November 18, 2018 § 8 Comments

You simply cannot give people books. Please don’t do it. It is a terrible idea every time, so don’t. Just don’t.

The first and most obvious reason to never give anyone a book is because they will never read it, ever. Take, for example, the 984-page opus boringus that I “gave” a “friend” more than five years ago, a biography of Stalin. He writes regularly to say that he still hasn’t read it.

And we both know he never will. The fact that it won a major prize and the author was his wife’s ex is totally unrelated.

The second reason to never give anyone a book is because even it weren’t written by their wife’s ex, it insults them. When you give a book you are telling the “friend” that you know something they don’t, and you would like to ameliorate their pitiful ignorance. Take, for example, the 732-page book that I “gave” a “friend” last year, a novel about a man, a sheep, some catacombs, a compass, three blind wise men, and an odyssey through the Outback. He hasn’t spoken to me since.
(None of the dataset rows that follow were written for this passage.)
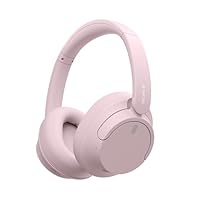 Sony WH-CH720N Noise Canceling Wireless Headphones Bluetooth Over The Ear Headset with Microphone, Pink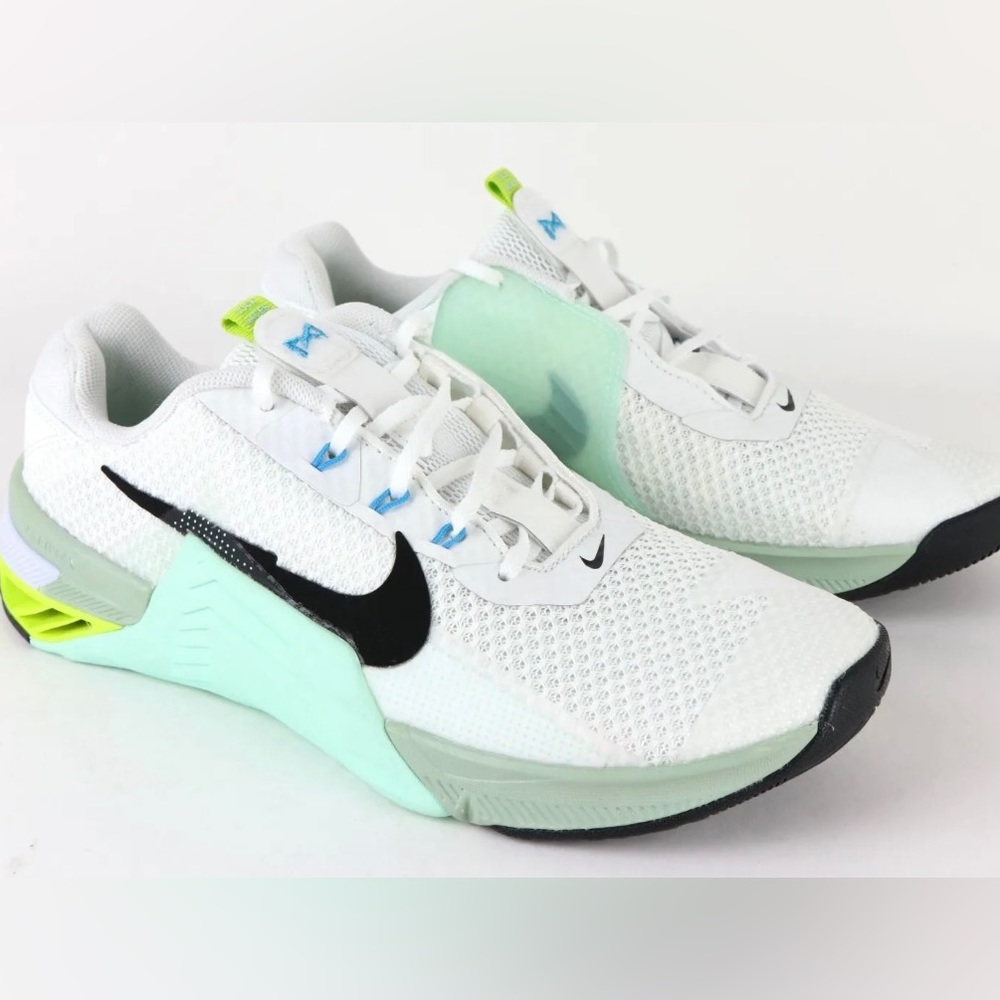Women's Nike Metcon 7 Training Shoes White / Black / Mint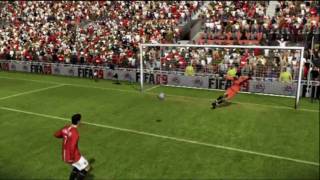 FIFA 09 Players Guide  Taking Penalties HD [upl. by Dot]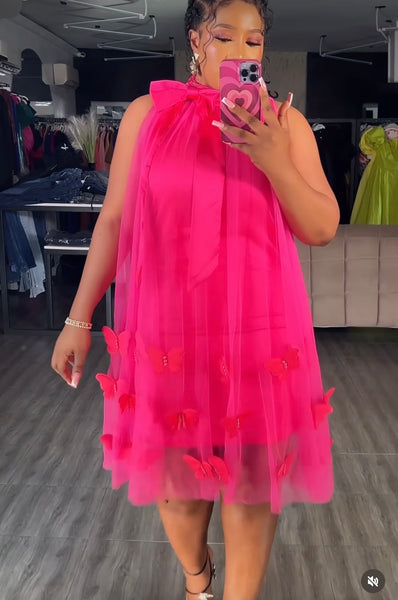 Reya whimsical dress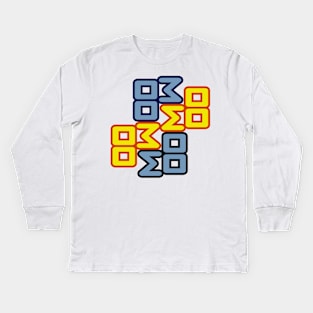 Moo2 Kids Long Sleeve T-Shirt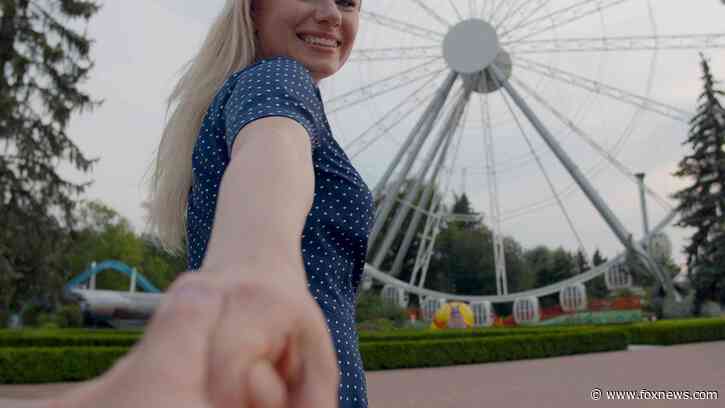 Couple set mood for Guns N' Roses by hooking up on a Ferris wheel & best friend's wife sends birthday suit pic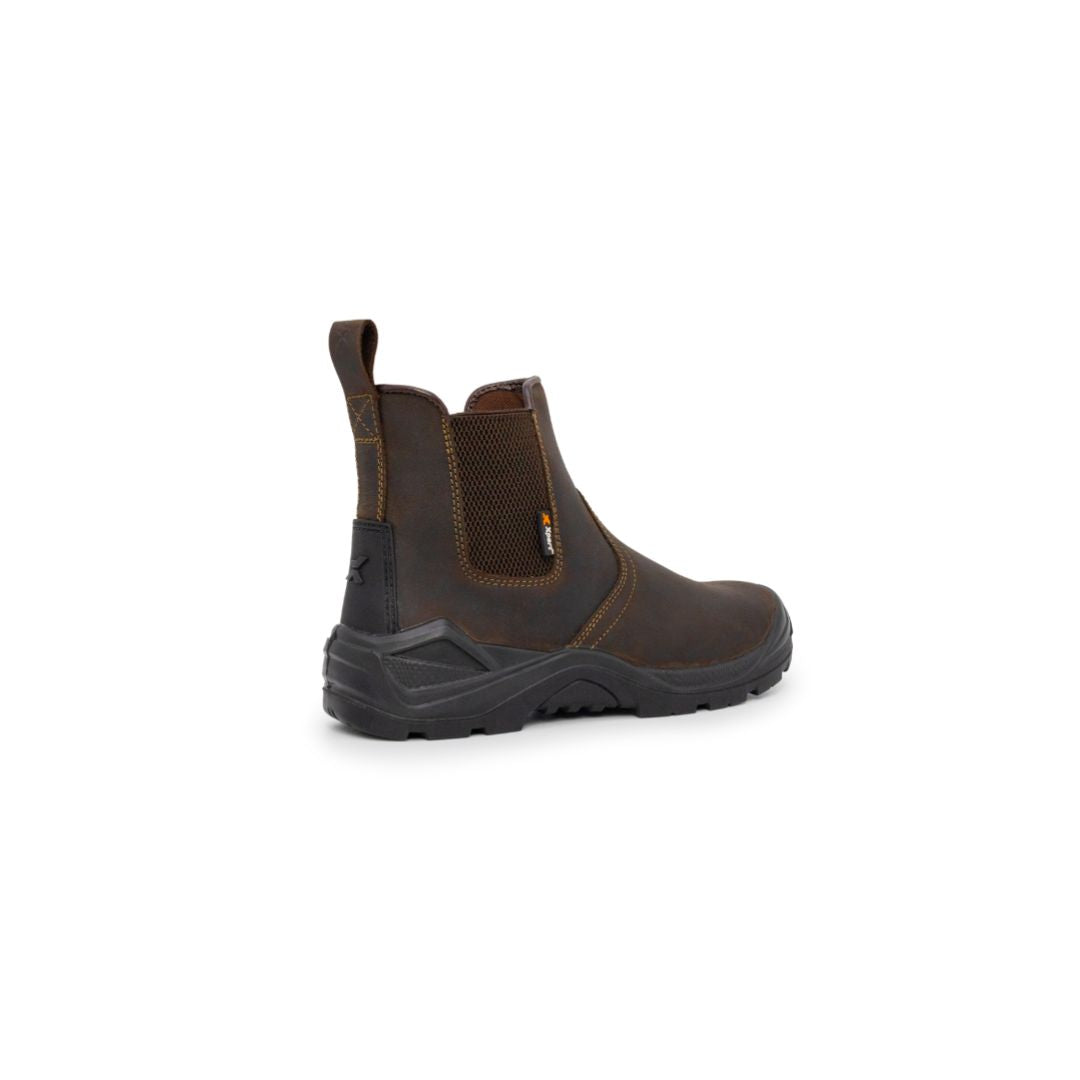 Xpert Defiant S3 Safety Dealer Boots Brown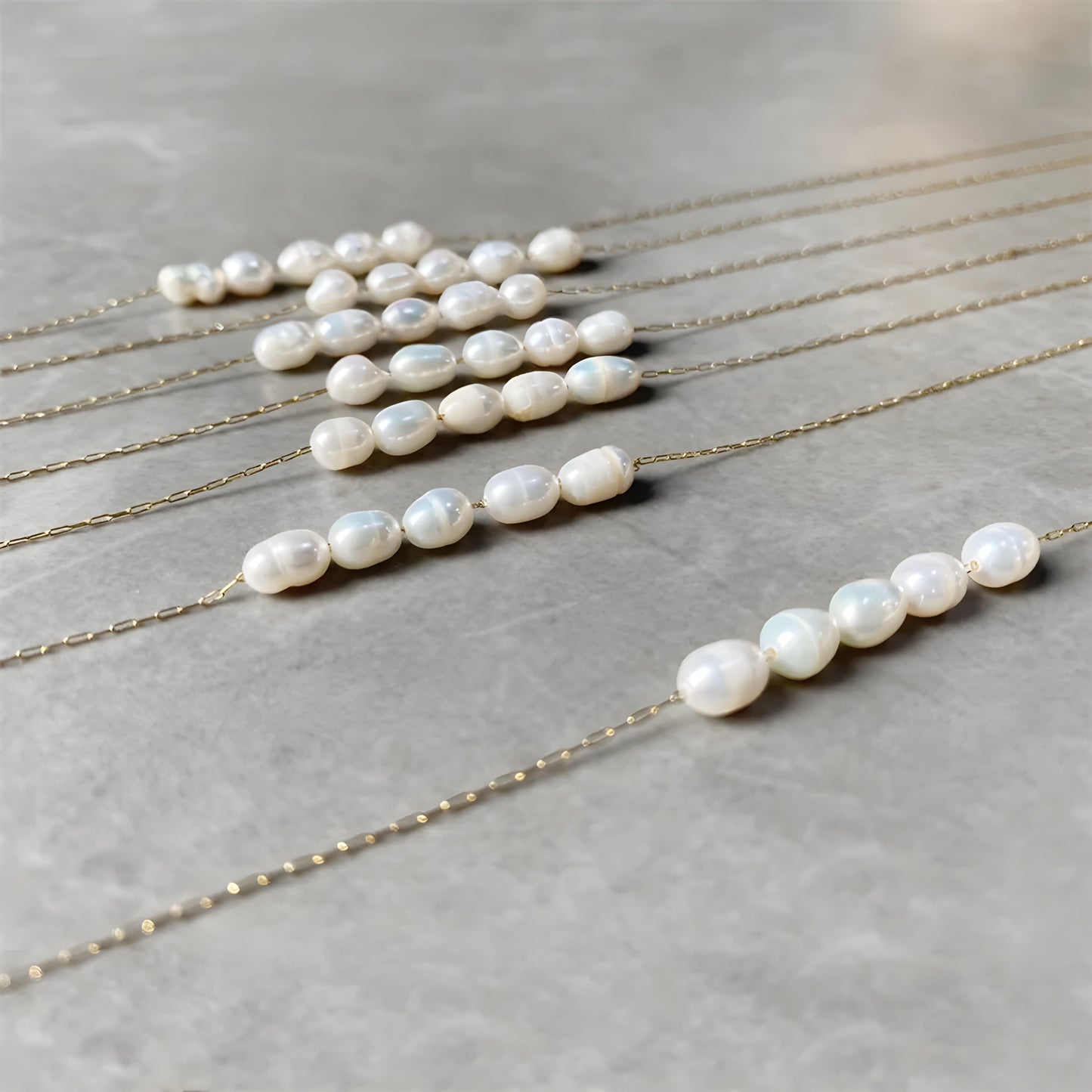 NORIA | Collar delicado de perlas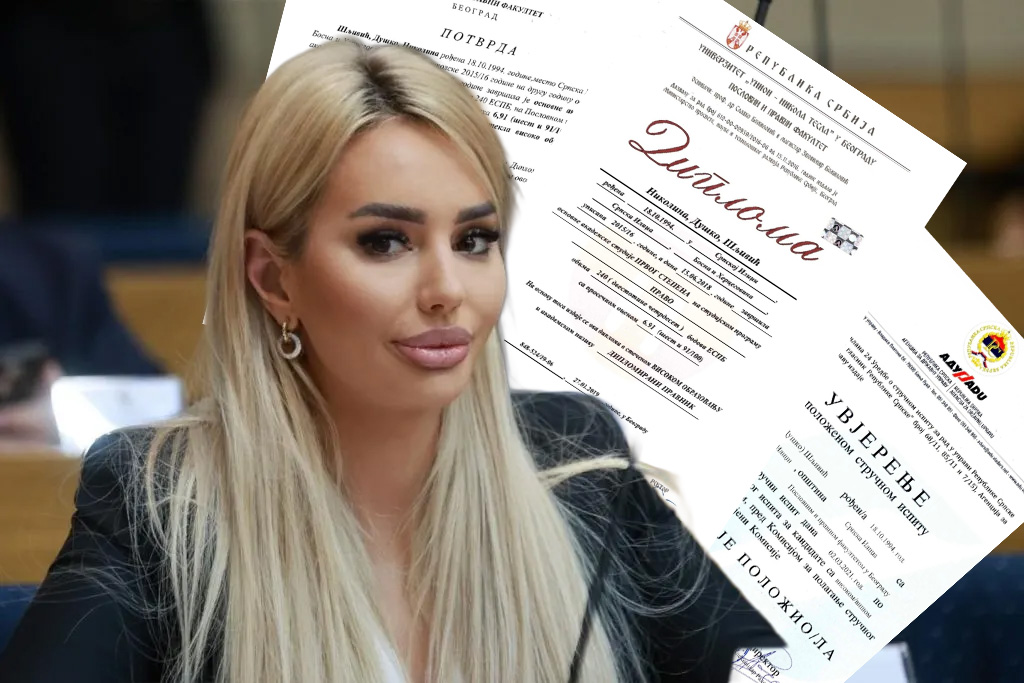 JOŠ LUĐE – Objavila diplomu da utiša sumnje, pa nesvjesno otkrila kako je ista izdana u nedjelju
The third reason to never give anyone a book is because it is clutter. Old, dead, musty, stinky trees filling up your spacious modern home, or your tiny apartment, or your full-to-busting study? No one in the history of time ever received a book and said, “I know exactly where to put that!” Everyone in the history of time said, “FML! Where am I going to put that?” Or their wife did, and the answer was usually “the dumpster.”

Nor can you fix it by sending them a digital copy, which simply clutters up their already maxed-out iPhone which, like Manslaughter’s, has 10,283 unread text messages, 25,019 unread emails, and a full voicemail box. Or is it a voice mailbox?

Most poisonous of all, however, is the fact when you give a book you are certain to receive one as vengeance, and you will hate it. It will be about ceramic molecular structure, or the sex life of dead people, or a teen vampire novel. Whatever topic you hate most, that’s the one it will be, and whichever author you abhor, she will have written it.

Heavy with the ugly unwanted gift comes of course the heavier and even less wanted obligation to read it, which you won’t, and the concomitant obligation to lie about having read it, which you will. Maybe you will see the friend from across a crowded room and you will scurry to hide behind the cheese tray, but unlucky you! The gift book was about cheese and your nemesis will track you down and glow as he pins you next to the Camembert and asks, “How did you like the book?” knowing full well you either hated it, didn’t read it, or hopefully both. You will silently shake your fist at him, and he at you.

The more you try to figure out a way to pass on a book, especially a wonderful one, the harder it is. You know how friends don’t give friends used underwear and shirts? Books are like that. They simply never fit. The book that changed your life and that you have only decided to pass on after careful consideration and yea, even love? That is guaranteed to be the one book the friend actually does read.

“How did you like the book?” you will ask hopefully, desperately, longingly, after having pestered him for a year.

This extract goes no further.